_WHAT IS NEEDED_.
Take the data below and extract the lines from the one with "Face of a fierce dragon with fiery eyes" to the one with "モノクロの水滴マークのセット 112411094", inclusive, exactly as written.

_EXERCISE DATA_.
____

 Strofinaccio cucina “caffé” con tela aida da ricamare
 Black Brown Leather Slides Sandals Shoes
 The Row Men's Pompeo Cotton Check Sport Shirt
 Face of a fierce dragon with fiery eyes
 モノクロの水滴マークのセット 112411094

____

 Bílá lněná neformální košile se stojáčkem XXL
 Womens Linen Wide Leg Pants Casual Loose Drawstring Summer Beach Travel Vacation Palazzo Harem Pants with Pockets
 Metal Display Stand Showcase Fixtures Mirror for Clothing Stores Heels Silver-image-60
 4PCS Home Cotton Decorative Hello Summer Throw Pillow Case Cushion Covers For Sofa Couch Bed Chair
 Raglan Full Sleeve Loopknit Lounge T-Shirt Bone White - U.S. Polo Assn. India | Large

____

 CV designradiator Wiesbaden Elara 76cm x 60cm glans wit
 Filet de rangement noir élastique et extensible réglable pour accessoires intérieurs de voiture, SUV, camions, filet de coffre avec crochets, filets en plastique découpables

____

_OUTPUT BELOW_.
 Face of a fierce dragon with fiery eyes
 モノクロの水滴マークのセット 112411094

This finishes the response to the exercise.